Problem to work on -
Where the line containing "Електричний консервний ніж" appears in the entries below, begin there and output every line through the last, exactly, minus the pictures.

[Image-caption web data]

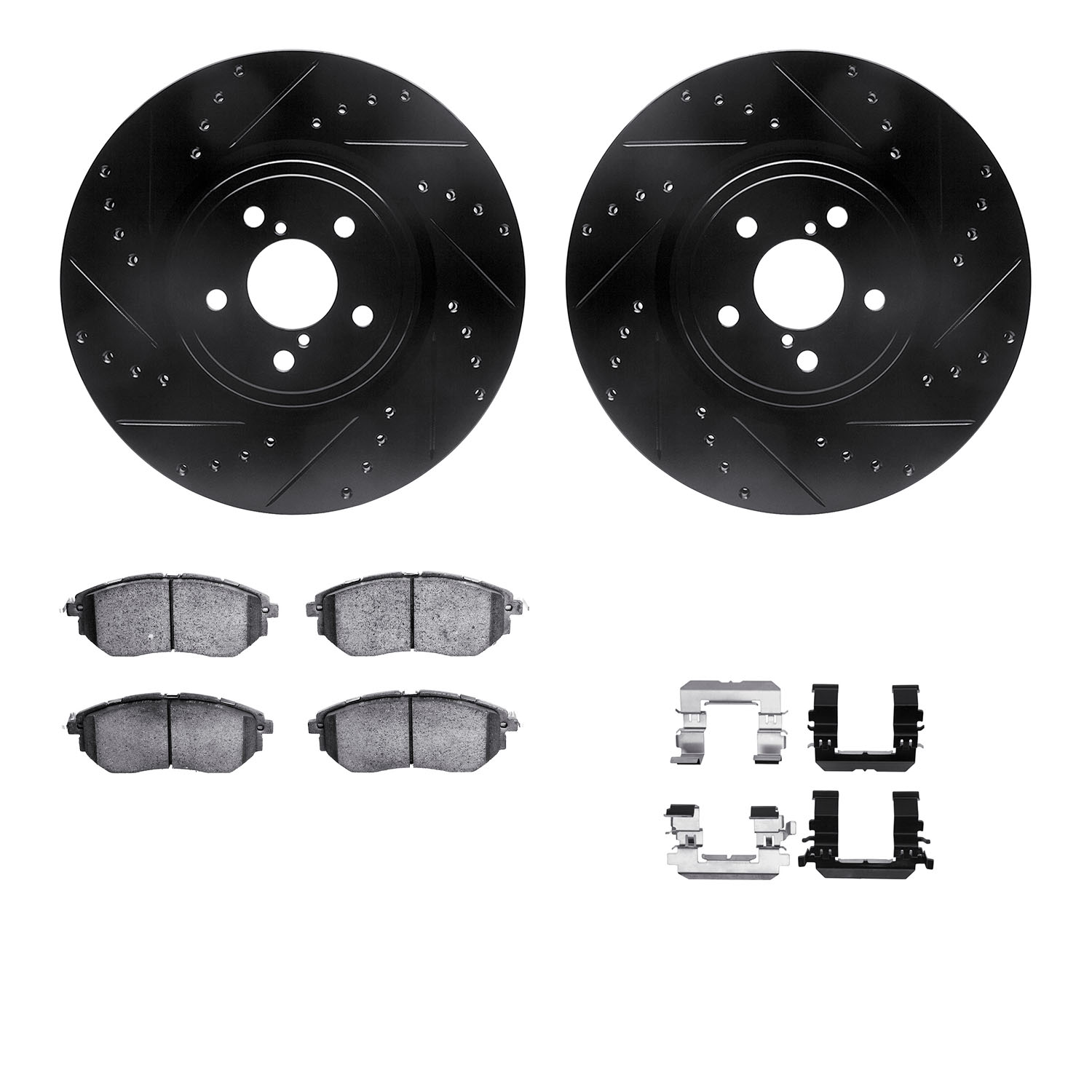 WHUH1-13037 Front Brake Disc and Pad Kit, Black, Cross-drilled and Slotted, 330 mm, OE Comparable Pad Material, R1 eLINE Black Rotors with Optimum OEp Pads Series
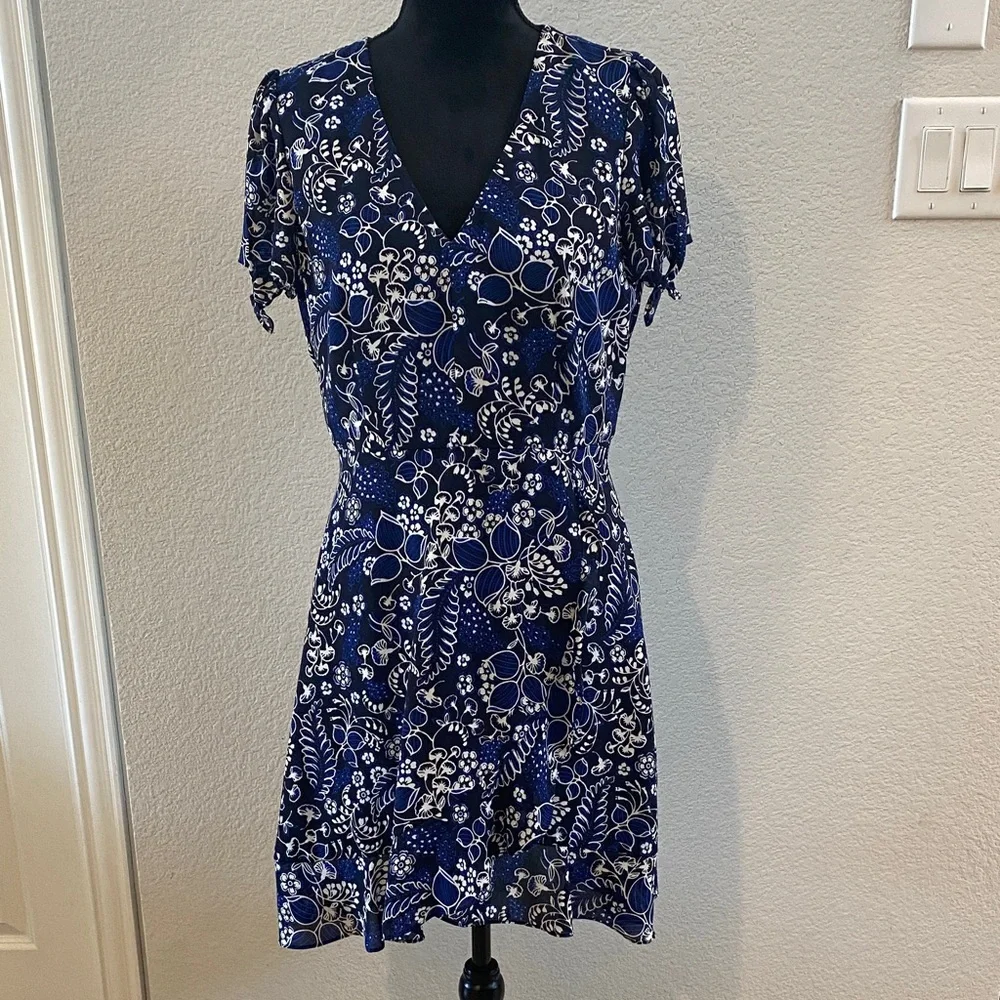 J. Crew Floral V-Neck Blue‎ Dress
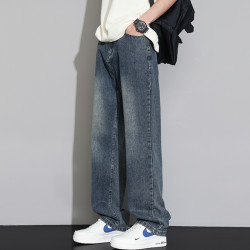 美式牛仔褲男秋冬新款寬松直筒休閒運動長褲子男生潮牌加絨濶腿褲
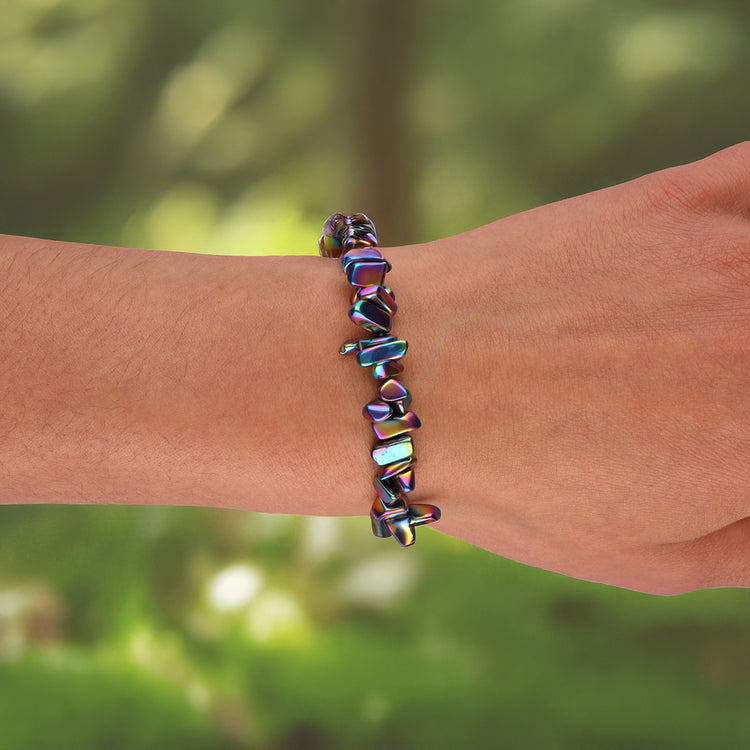 Rainbow Hematite Chip Bracelet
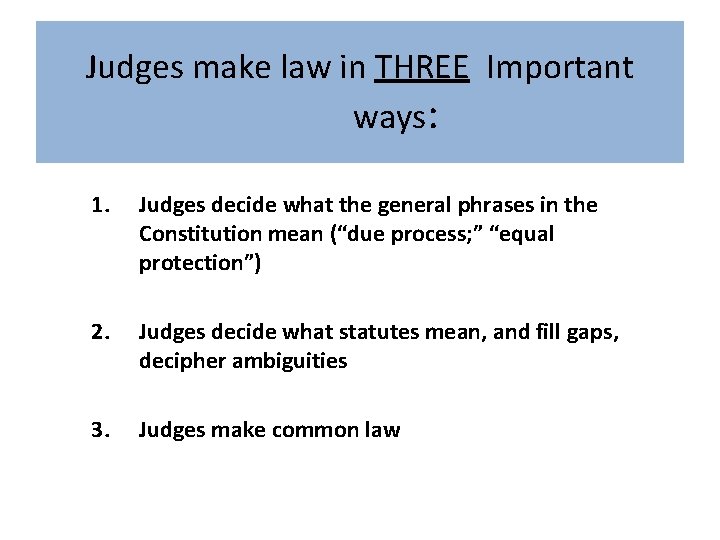 Judges make law in THREE Important ways: 1. Judges decide what the general phrases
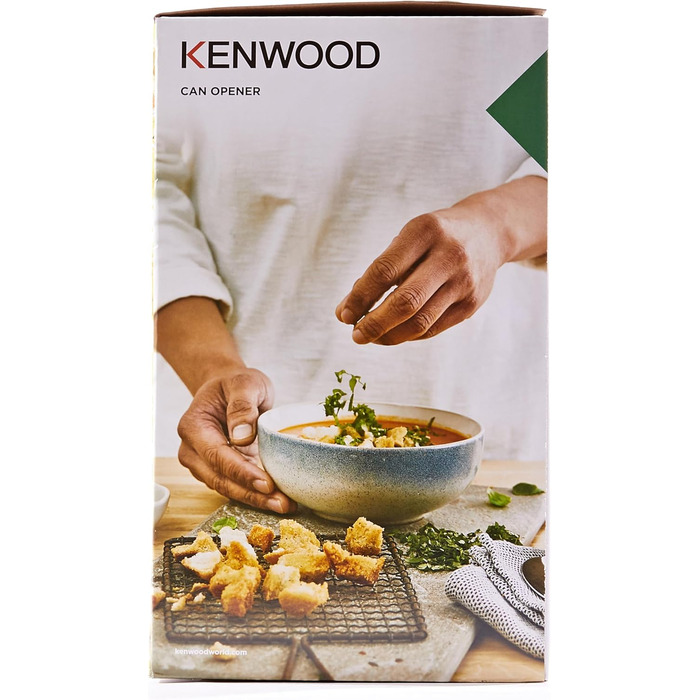 Електричний консервний ніж Kenwood CAP070. A0WH, багатофункціональний кухонний гаджет 3-в-1 із вбудованою точилкою для ножів, відкривачкою для консервів і відкривачкою для пляшок, з намотувачем кабелю, 70 Вт, білий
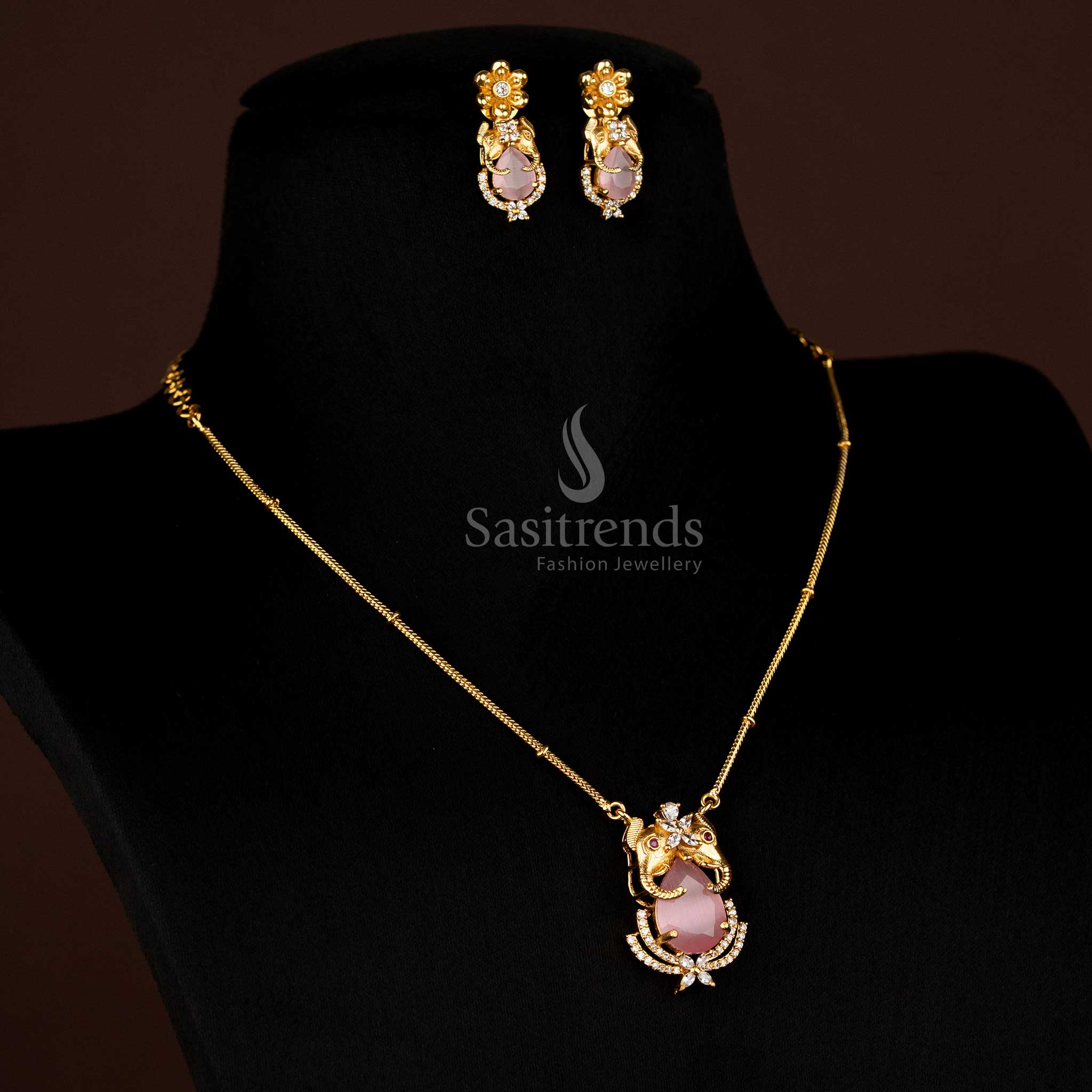 Premium Temple Matte Gold Plated Elephant Pendant Chain with Earrings for Festive and Traditional Wear - Image 5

Answer to the problem -
 Електричний консервний ніж Kenwood CAP070. A0WH, багатофункціональний кухонний гаджет 3-в-1 із вбудованою точилкою для ножів, відкривачкою для консервів і відкривачкою для пляшок, з намотувачем кабелю, 70 Вт, білий
 Premium Temple Matte Gold Plated Elephant Pendant Chain with Earrings for Festive and Traditional Wear - Image 5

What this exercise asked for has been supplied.